_DATA SECTION:_
● ● ●

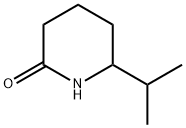6-(propan-2-yl)piperidin-2-one Structure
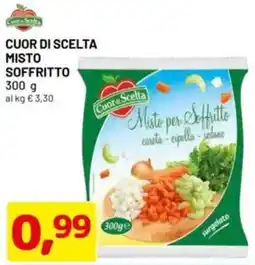 DPiù Cuor di scelta misto soffritto offerta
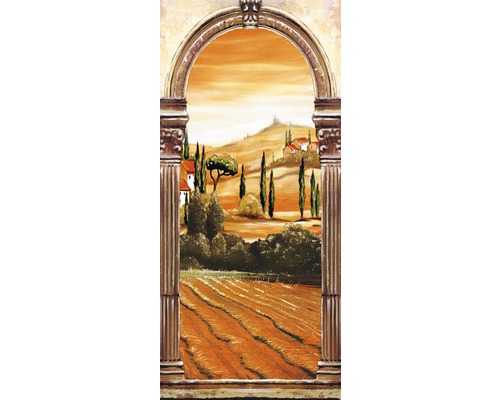 Papier peint panoramique intissé 19503 papier peint de porte Toscane 2 pces 90 x 200 cm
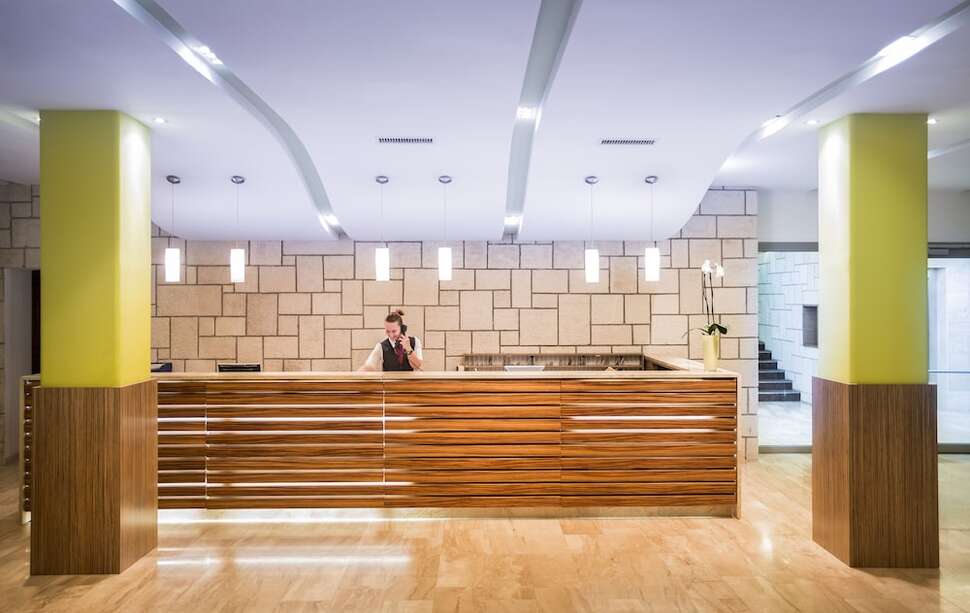 Een foto van Remisens Hotel Lucija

● ● ●

_WORK REQUIRED:_
All of the lines above should be copied exactly, apart from the pictures.

_RESPONSE TO THE TASK:_
6-(propan-2-yl)piperidin-2-one Structure
 DPiù Cuor di scelta misto soffritto offerta
 Papier peint panoramique intissé 19503 papier peint de porte Toscane 2 pces 90 x 200 cm
 Een foto van Remisens Hotel Lucija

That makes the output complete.